> Activity: Pictures stay out of the copy. Retype exactly the lines below from the one with "Phone on YouTube" through the one with "Paige plus Size".

> Excerpted records:
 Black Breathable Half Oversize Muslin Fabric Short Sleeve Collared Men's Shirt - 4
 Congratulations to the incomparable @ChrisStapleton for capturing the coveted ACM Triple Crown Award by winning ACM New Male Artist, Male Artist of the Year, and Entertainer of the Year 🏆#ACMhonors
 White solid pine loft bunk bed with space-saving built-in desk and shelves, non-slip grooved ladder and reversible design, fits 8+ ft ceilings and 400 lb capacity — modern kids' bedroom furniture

==

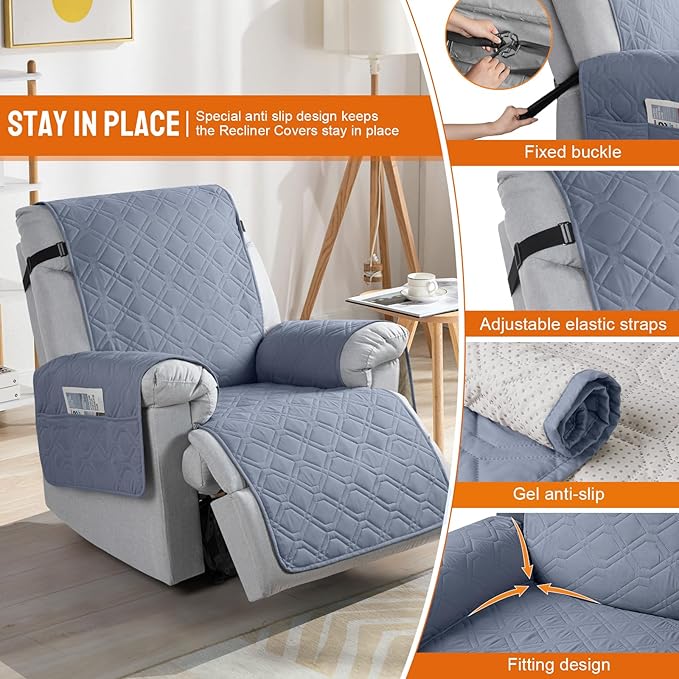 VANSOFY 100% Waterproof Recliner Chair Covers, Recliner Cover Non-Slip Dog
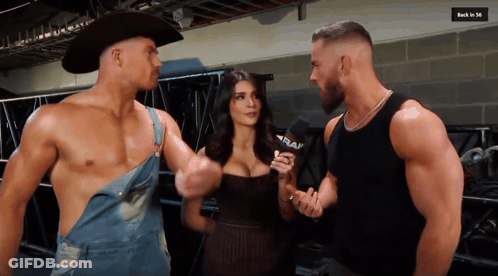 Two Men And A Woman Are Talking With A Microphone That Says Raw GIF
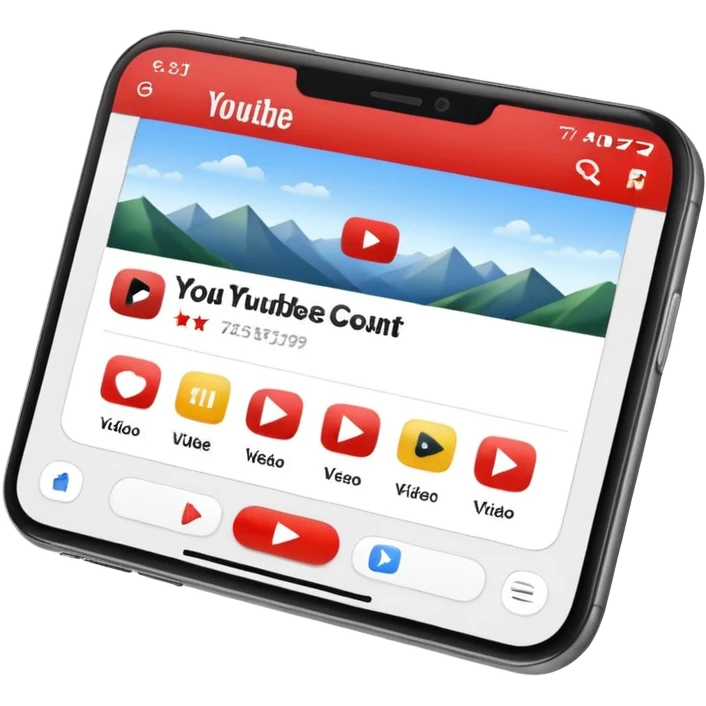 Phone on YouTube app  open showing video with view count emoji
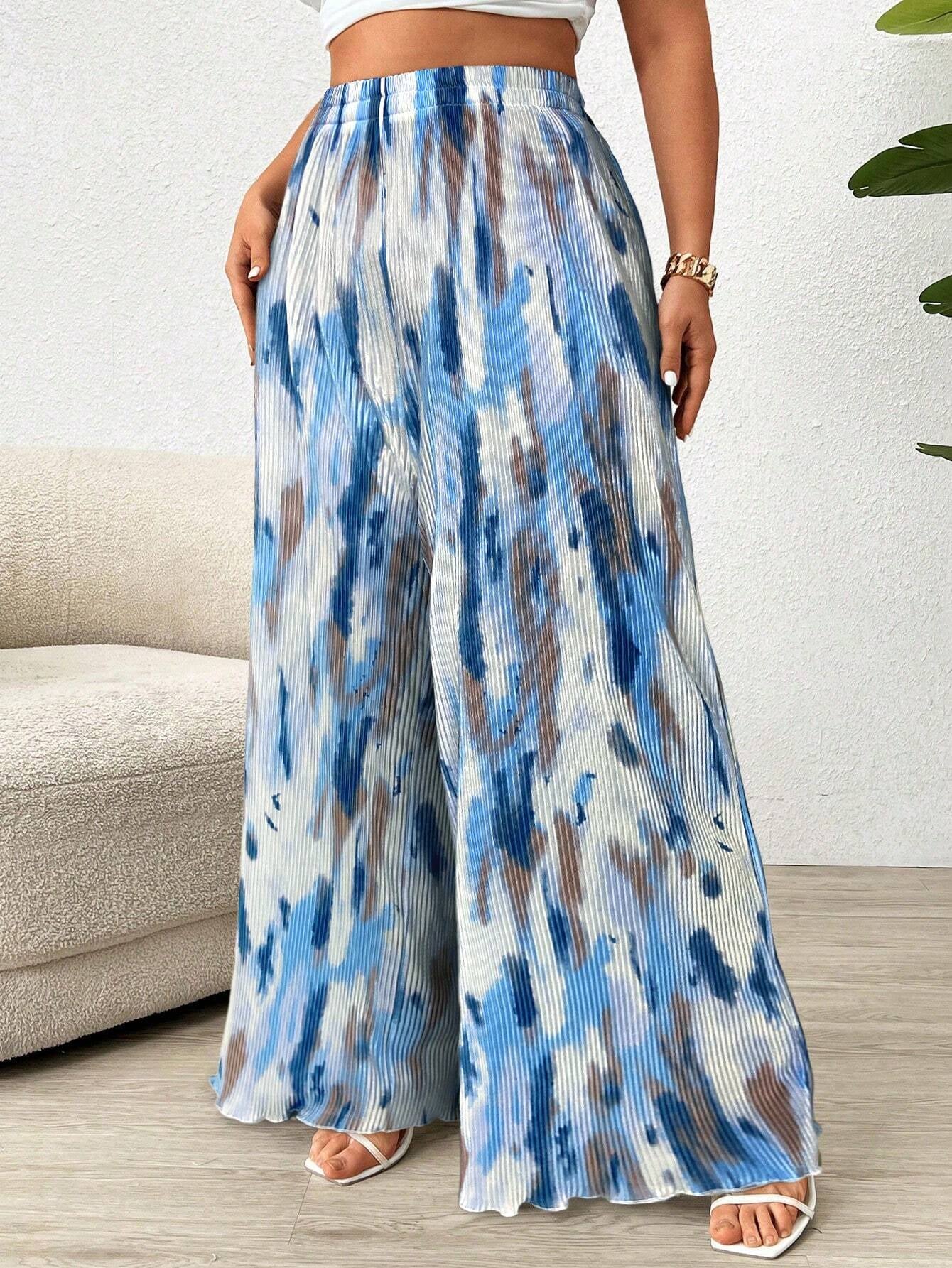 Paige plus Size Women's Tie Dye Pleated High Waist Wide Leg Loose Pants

> Your solution:
 Phone on YouTube app  open showing video with view count emoji
 Paige plus Size Women's Tie Dye Pleated High Waist Wide Leg Loose Pants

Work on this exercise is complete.